▸ **How to complete this task**
Retype the lines below exactly, but only those from the line that has "ВИДЕООБРЪЩЕНИЕ НА ЗЕМЕДЕЛСКИЯ" through the line that has "Parker Guest House 7/46". Omit every picture.

*** Supplied material ***

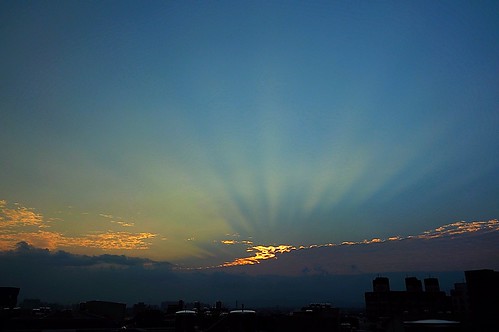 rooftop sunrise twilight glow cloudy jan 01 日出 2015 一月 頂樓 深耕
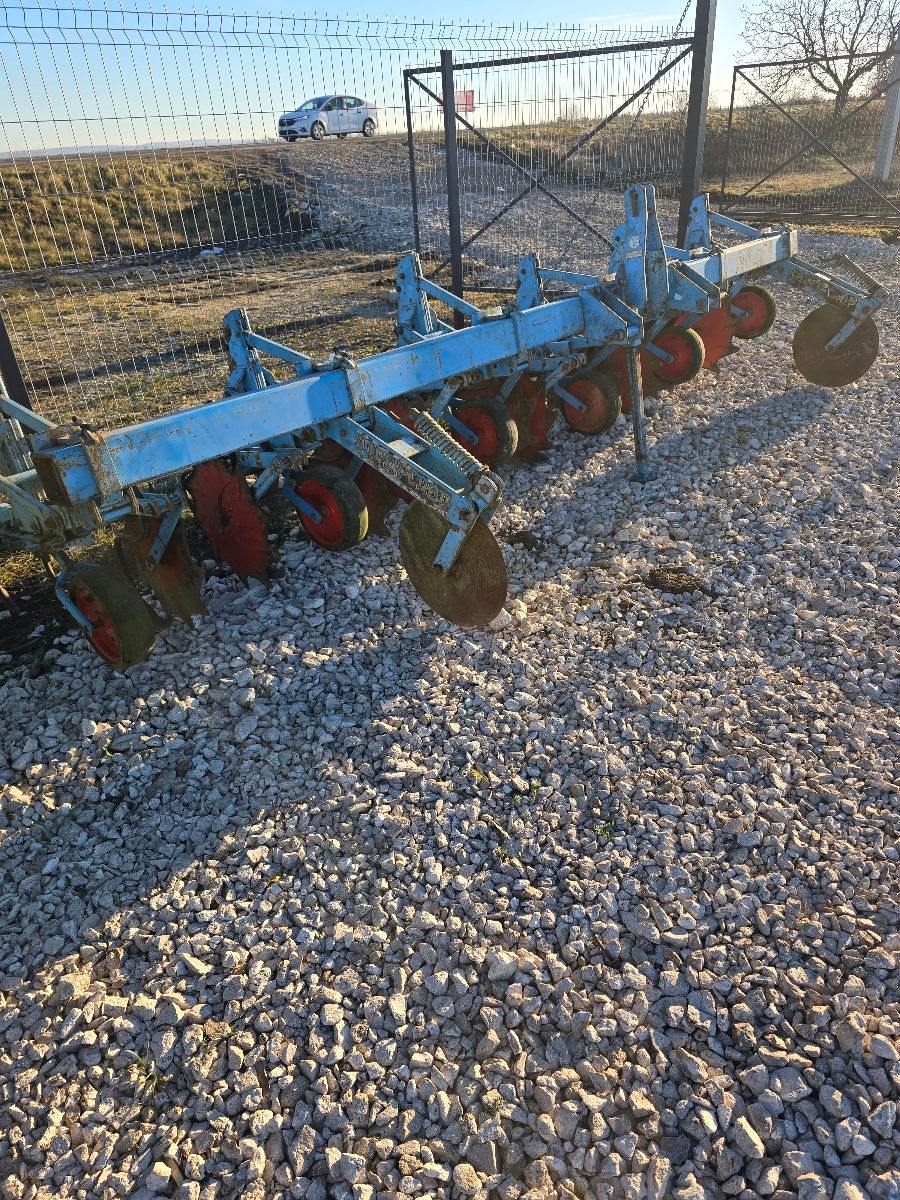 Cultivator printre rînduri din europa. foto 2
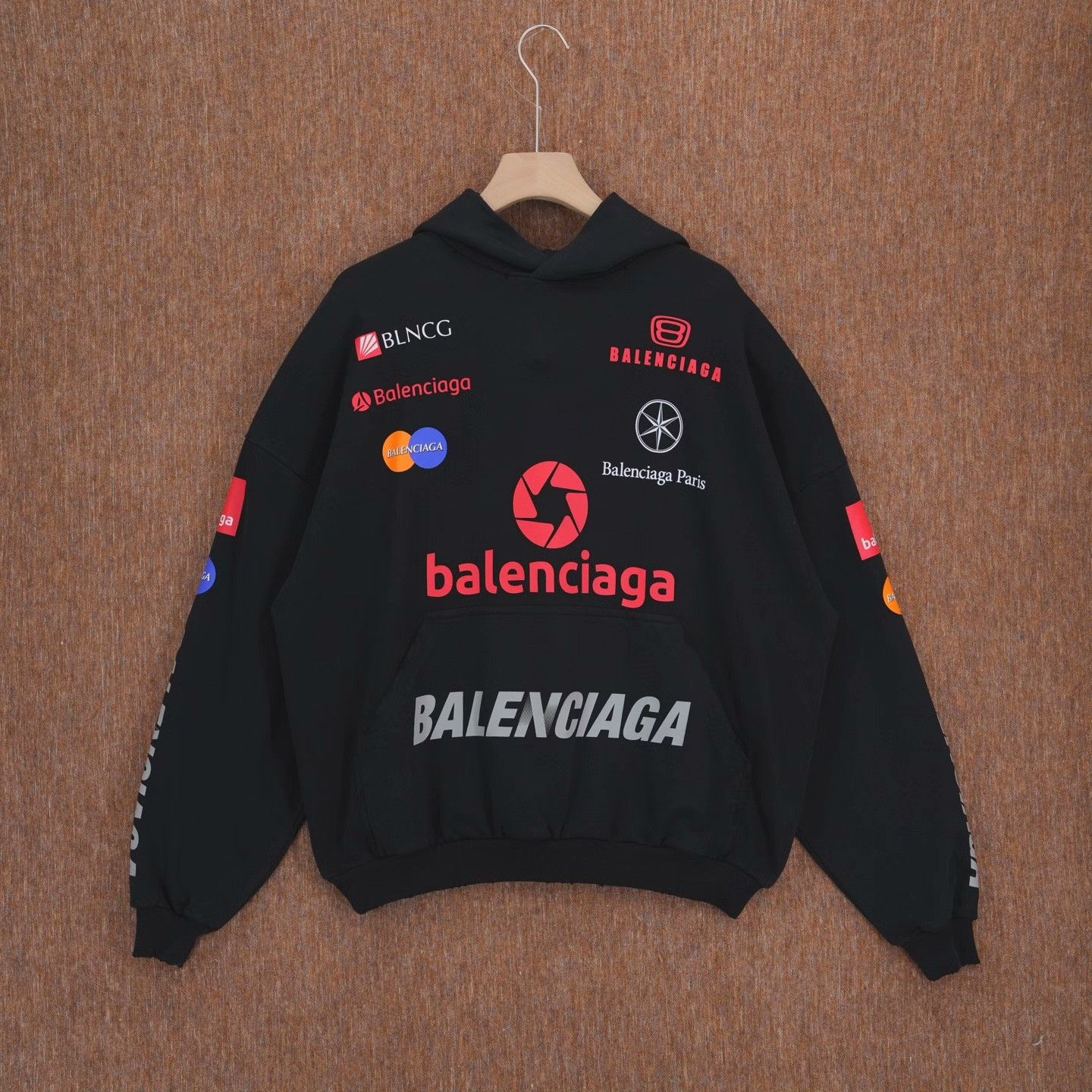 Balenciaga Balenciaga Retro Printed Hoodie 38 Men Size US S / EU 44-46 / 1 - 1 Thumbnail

***
*** Supplied material ***

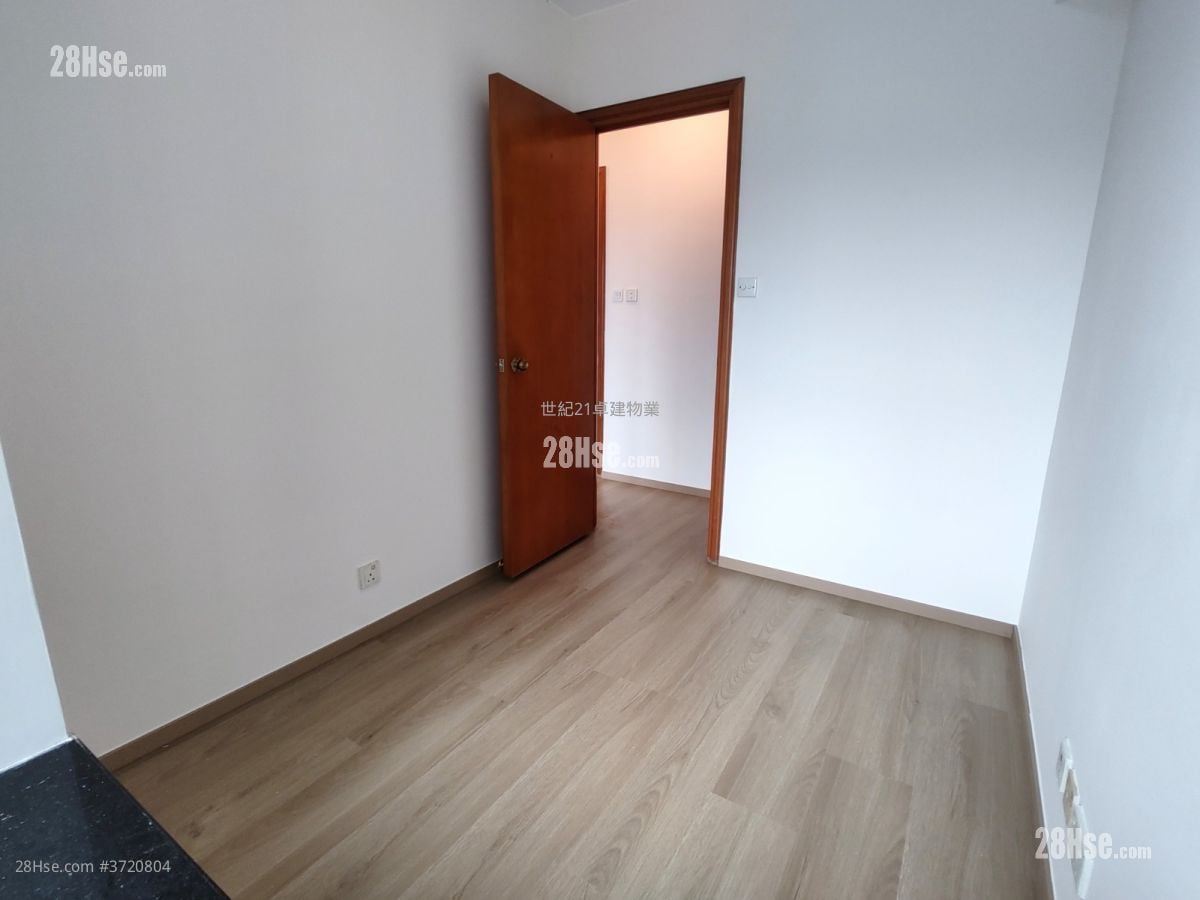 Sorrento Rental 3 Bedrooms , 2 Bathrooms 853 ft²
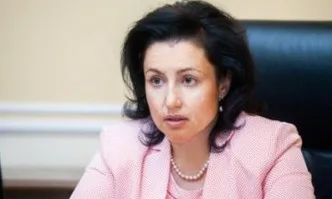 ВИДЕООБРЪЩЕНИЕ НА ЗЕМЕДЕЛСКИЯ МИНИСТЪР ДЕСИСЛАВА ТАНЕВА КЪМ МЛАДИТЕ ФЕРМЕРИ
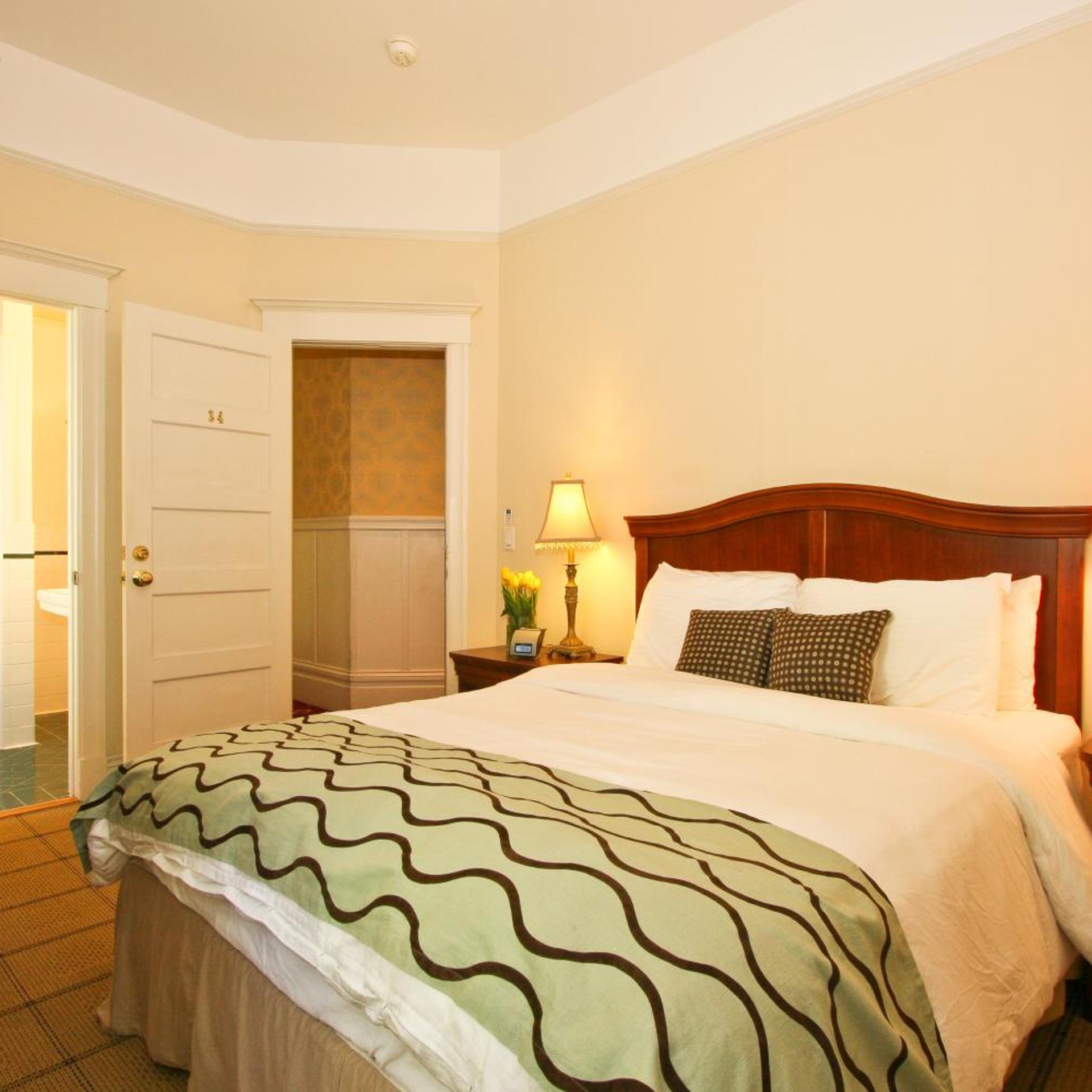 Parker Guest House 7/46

***

▸ **Exercise result**
 ВИДЕООБРЪЩЕНИЕ НА ЗЕМЕДЕЛСКИЯ МИНИСТЪР ДЕСИСЛАВА ТАНЕВА КЪМ МЛАДИТЕ ФЕРМЕРИ
 Parker Guest House 7/46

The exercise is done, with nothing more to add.